After completion of administration of the medicinal solution M, the engaging chips 98 of the plunger 82 move toward the perpendicular portions 112 while rotating along the inclined portions 114. The engaging chips 98 of the plunger 82 move along the perpendicular portions 112, thereby moving again in the axial direction toward the distal direction (direction of arrow B). As illustrated in FIG. 20B, distal surfaces of the engaging chips 98 moved along the perpendicular portions 112 of the introducing grooves 108 come into contact with distal edges of the perpendicular portions 112, which causes a second notification sound, or a sound of contact (click).

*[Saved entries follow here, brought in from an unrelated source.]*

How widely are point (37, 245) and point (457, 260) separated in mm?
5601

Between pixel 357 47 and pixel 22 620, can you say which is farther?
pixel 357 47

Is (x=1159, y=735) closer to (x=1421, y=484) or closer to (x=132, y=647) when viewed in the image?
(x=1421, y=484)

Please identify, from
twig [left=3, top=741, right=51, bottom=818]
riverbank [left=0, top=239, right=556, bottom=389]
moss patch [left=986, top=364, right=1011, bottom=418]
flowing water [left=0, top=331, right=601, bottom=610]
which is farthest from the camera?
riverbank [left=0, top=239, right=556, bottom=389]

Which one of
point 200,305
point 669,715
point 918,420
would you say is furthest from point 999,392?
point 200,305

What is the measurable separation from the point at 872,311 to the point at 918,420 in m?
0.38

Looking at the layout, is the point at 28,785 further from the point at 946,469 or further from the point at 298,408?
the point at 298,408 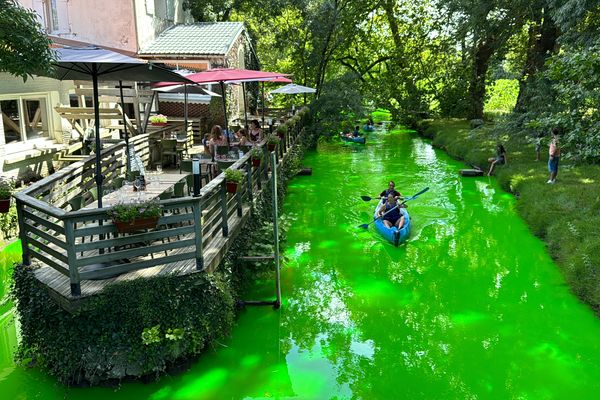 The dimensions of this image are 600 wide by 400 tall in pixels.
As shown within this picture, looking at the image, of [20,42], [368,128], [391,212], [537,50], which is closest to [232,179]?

After completion of administration of the medicinal solution M, the second notification sound is generated a predetermined time later. The second notification sound enables the patient to recognize the completion of medicinal solution administration to the affected area (skin S). After the patient recognizes the second notification sound, the patient separates the medicinal solution administration device 10 from the affected area.

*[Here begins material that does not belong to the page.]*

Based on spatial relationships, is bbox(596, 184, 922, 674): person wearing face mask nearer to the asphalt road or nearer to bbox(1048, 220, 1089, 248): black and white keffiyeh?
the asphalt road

In other words, after the completion of medicinal solution administration by the medicinal solution administration device 10, the plunger 82 is rotated by the guiding grooves 70 of the end guide 68 to decelerate the moving speed in the axial direction. This delays the time for the gasket 106 of the top 88 connected to the plunger 82 to reach the distal end of the barrel 124. After completion of medicinal solution administration, the second notification sound is generated a predetermined time later to notify the completion of medicinal solution administration.

When the patient releases a pressing force of the medicinal solution administration device 10 against the skin S, the sliding member 64 is biased toward the distal end by an elastic force of the sleeve spring 42 as illustrated in FIG. 37. The distal end of the sliding member 64 is in contact with the ribs 119a (see FIG. 11) of the needle cover 14, whereby the sliding member 64 pushes the needle cover 14 in the distal direction and moves in the distal direction relative to the casing 12 together with the needle cover 14. The needle cover 14 moves to a position where the distal end of the needle cover 14 moves further in the distal direction than the puncture needle 126. Accordingly, the puncture needle 126 is completely covered by the needle cover 14.

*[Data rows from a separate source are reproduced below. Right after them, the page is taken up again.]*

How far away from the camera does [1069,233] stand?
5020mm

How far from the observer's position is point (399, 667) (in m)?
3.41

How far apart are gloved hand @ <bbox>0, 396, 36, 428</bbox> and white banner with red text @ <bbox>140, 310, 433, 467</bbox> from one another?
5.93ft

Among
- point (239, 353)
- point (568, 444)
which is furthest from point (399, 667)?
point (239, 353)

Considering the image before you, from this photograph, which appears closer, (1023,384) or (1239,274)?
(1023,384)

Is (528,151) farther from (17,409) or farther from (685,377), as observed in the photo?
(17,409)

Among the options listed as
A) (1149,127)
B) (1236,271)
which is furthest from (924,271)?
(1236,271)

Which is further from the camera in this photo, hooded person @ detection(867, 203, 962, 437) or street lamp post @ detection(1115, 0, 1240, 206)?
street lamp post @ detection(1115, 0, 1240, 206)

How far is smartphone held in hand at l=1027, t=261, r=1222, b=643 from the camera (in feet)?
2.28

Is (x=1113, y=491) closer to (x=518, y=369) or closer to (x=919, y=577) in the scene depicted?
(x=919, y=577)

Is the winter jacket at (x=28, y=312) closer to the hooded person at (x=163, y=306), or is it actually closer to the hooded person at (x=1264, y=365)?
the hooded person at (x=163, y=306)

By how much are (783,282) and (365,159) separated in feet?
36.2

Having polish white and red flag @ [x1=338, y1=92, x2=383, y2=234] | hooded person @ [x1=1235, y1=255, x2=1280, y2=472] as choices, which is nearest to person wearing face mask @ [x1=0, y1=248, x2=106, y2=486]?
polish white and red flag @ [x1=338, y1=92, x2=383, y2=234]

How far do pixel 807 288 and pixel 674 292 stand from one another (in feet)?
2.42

As illustrated in FIG. 38, the protruding pieces 642 of the sliding member 64 are engaged with the protrusive portions 48a of the locking pin 44, and the locking pin 44 moves in the distal direction (direction of arrow B) together with the sliding member 64. With the movement of the locking pin 44 in the distal direction, the locking claws 62 are engaged with the locking grooves 40 of the sleeve body 22. Accordingly, the movement of the locking pin 44 in the proximal direction relative to the sleeve body 22 is restricted. The sliding member 64 abuts on the arms 48 of the locking pin 44, and the movement of the sliding member 64 in the proximal direction is also restricted. The extending portions 119 (ribs 119a) of the needle cover 14 abut on the distal end of the sliding member 64, and the movement of the needle cover 14 in the proximal direction is also restricted.

The needle cover 14 is restricted from moving in the proximal direction. For this reason, even when a force in the proximal direction acts on the needle cover 14, the puncture needle 126 is secured and not exposed to the outside from the needle cover 14.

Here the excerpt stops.